### WHAT TO PRODUCE
Output the listing below exactly, minus its images.

### DATA SEGMENT
-------
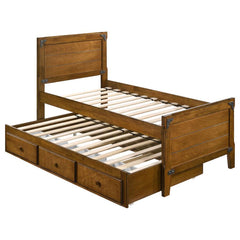 Granger Brown Twin Bed W/ Trundle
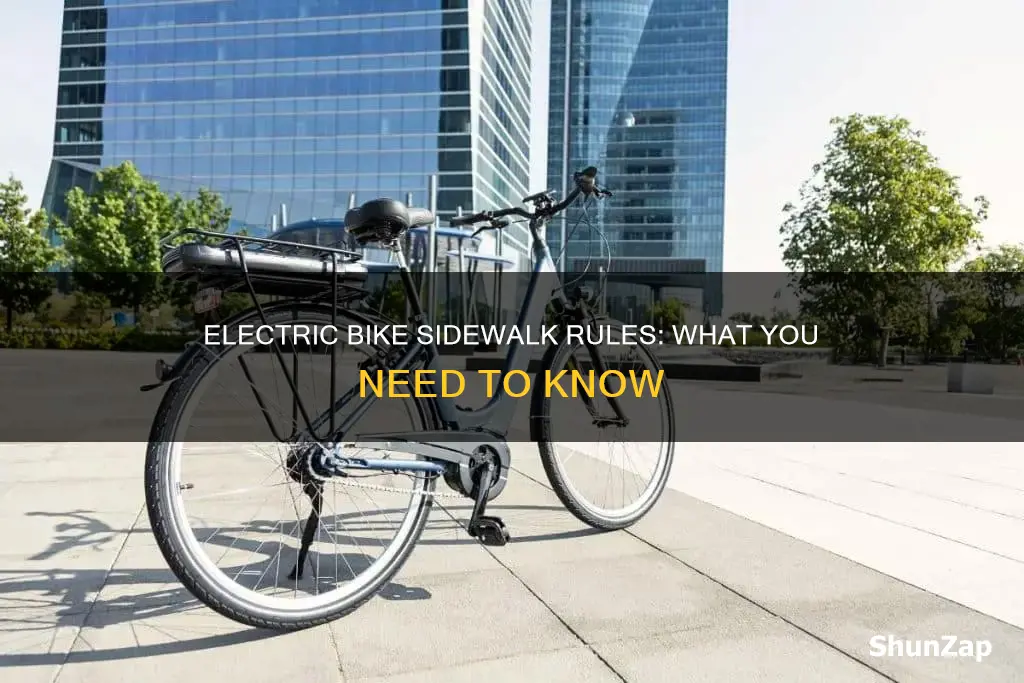 are you allowed to bring electric bike on the sidewalk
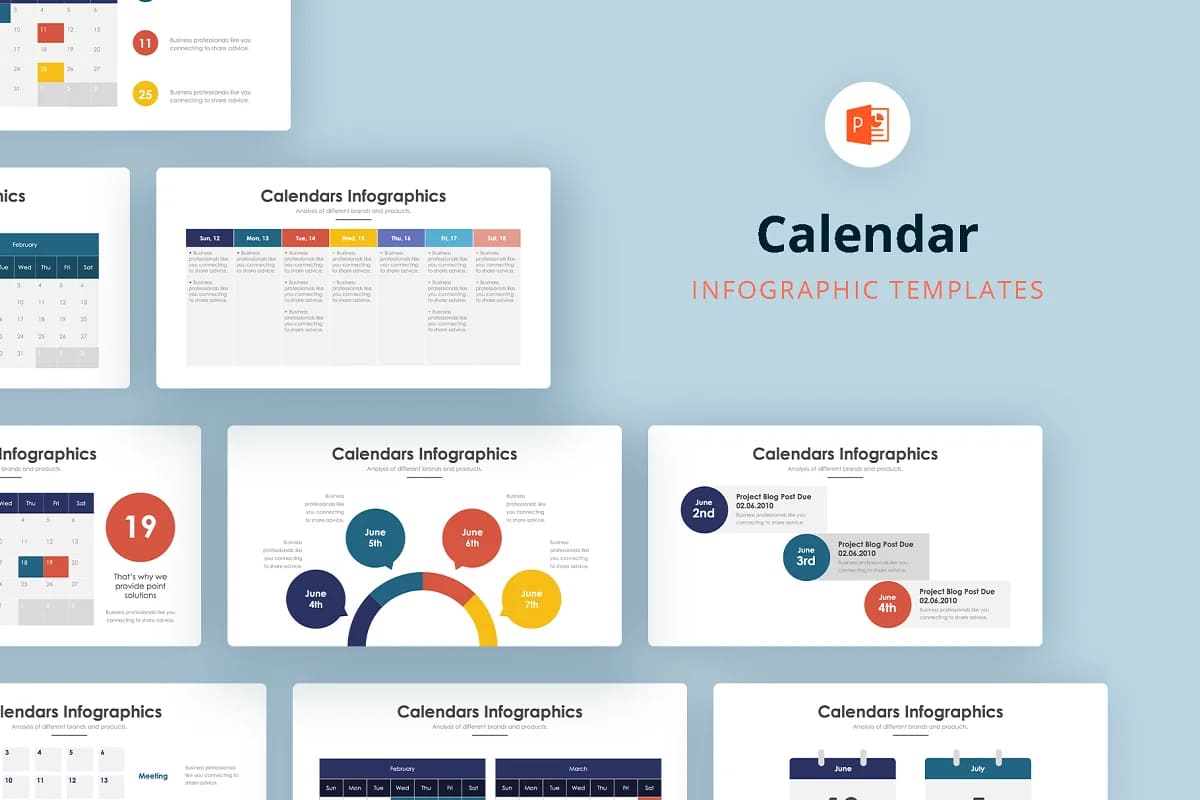 Calendar Infographics - PowerPoint facebook image.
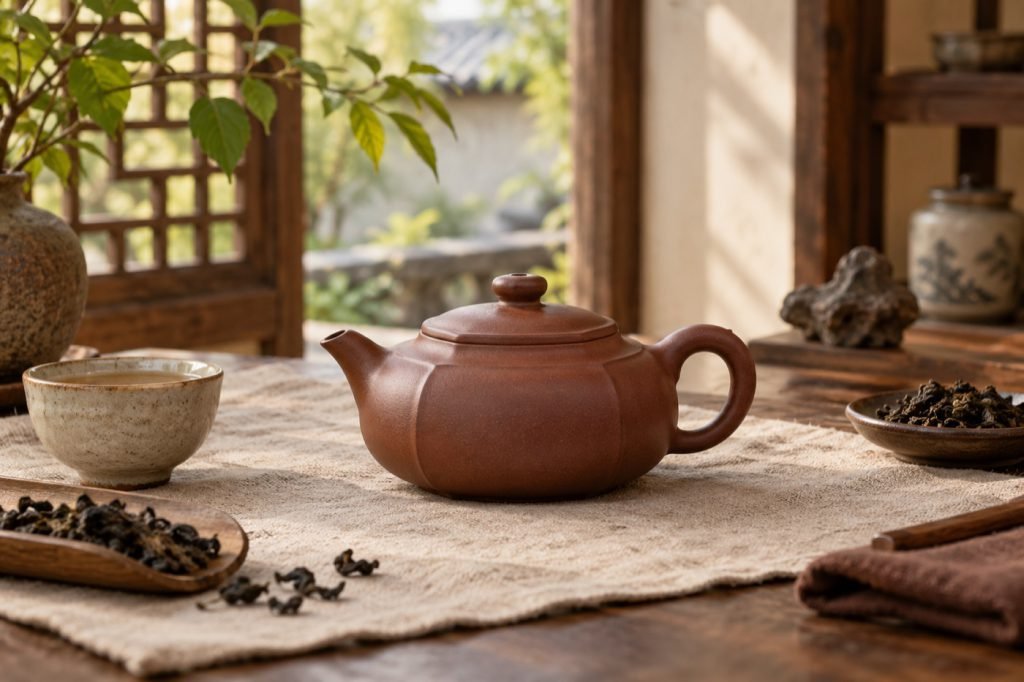 Handmade Antique Style Fanggu Yixing Zisha Teapot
-------
### TASK SOLUTION
 Granger Brown Twin Bed W/ Trundle
 are you allowed to bring electric bike on the sidewalk
 Calendar Infographics - PowerPoint facebook image.
 Handmade Antique Style Fanggu Yixing Zisha Teapot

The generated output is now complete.